Lorenzo and Massimo Cifonelli
Godfathers of bespoke.
Dandy extraordinaire Beau Brummell once said, “To be truly elegant, one should not be noticed.” Clearly, this is not the goal of fourth-generation master tailors Lorenzo and Massimo Cifonelli, who turn heads wherever they go.
Descendants of one Giuseppe Cifonelli—their great-grandfather, who created the original Cifonelli label in Rome in 1880—the cousins enjoy a cult-like following for their bespoke suits. If their popularity seems a remarkable feat, it is because Cifonelli endures against the current of fast fashion and has survived despite the dominance of the titans of menswear (Tom Ford, Ermenegildo Zegna, Ralph Lauren, etc.), who swim in the same consumer pool.
In 2014, the duo expanded their portfolio to include a ready-to-wear collection, which is sold at their new flagship store on Paris’s prestigious rue du Faubourg Saint-Honoré, as well as various luxe department stores around the planet. With a public relations office in Milan (where Cifonelli has joined the fashion-week circuit) and a second storefront opening next year in London, the Cifonelli pair are, effectively, dressed for success.
The heart of Cifonelli (pronounce it with confidence: “chee-fonelli”) is the atelier on rue Marbeuf, the street-turned-menswear mecca of Paris’s Golden Triangle district. It is here, atop an iron-lace staircase and behind broad Haussmannian doors, that I meet Lorenzo, 48, the more fashionably audacious half of the Cifonelli tag team (and, I might add, a diehard David Bowie fan). He is outfitted in neutral hues: a creamy one-button jacket plus pocket square, pleated white cotton slacks cuffed at the ankles, tan leather shoes, and herringbone socks.
“Twenty-five years ago,” he whispers in buttery Parisian French, “I asked myself, ‘What is the future of Cifonelli?’ ” Swirling a tidy white beard through his fingers, he admits, “I never would’ve imagined that we’d have as many clients as we do today, young bespoke clients—never! Never!”
As we chat over espressos, his cousin Massimo, 46, nods warmly in our direction from a nearby table stacked with catalogues, bundles of fabric, buttons, and lookbooks. Decked out in head-to-toe blue with purple suede tasselled loafers and his trademark bulging tie, Massimo is, I notice, in mid-consultation with a certain British actor of “superhero” proportions.

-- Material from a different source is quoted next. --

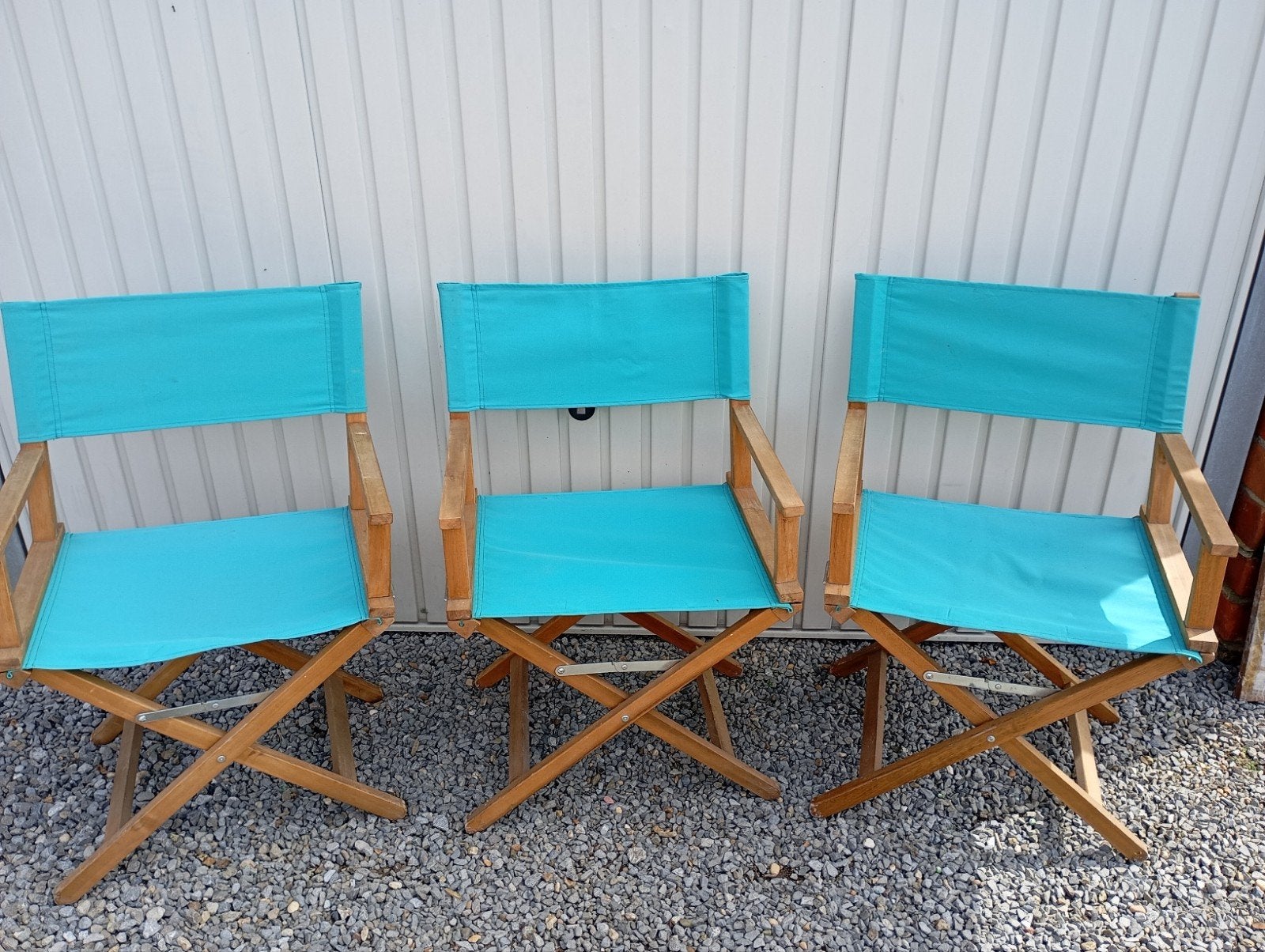 3 chaises Director Chaises de jardin (voir description), Jardin & Terrasse, Enlèvement, Comme neuf, Bois, Pliant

“They come from all over the world,” Lorenzo whispers to me, eyes widening, as if he still can’t believe the Cifonelli phenomenon himself. “Moscow, Singapore, New York, Seoul, Tokyo.” And curiously, from London, home of the storied Savile Row.
Descendants of one Giuseppe Cifonelli—their great-grandfather, who created the original Cifonelli label in Rome in 1880—the cousins enjoy a cult-like following for their bespoke suits.
All those who enter this well-kept address among the gentleman’s elite pass a brass sign that reads “A. Cifonelli”. At first, this appears to be a tribute to Lorenzo’s father, Adriano, who still works part-time in the family business, but it actually refers to Lorenzo’s grandfather, Arturo, who opened a workshop at this very address in 1936. Quite the globetrotter, he was the pioneer who left Rome to study at the Minister’s Cutting Academy in London. Arturo is also the mastermind behind the signature Cifonelli style.
“English suits at that time tended to be military-like, like armour,” Lorenzo says, “whereas Italian suits were very soft in the way the jacket and inner lining were constructed. Therefore, my grandfather took what he learned about cut in London, and when he came back to Rome, he made a kind of mix between the two. Over a century later, we still work in inches.”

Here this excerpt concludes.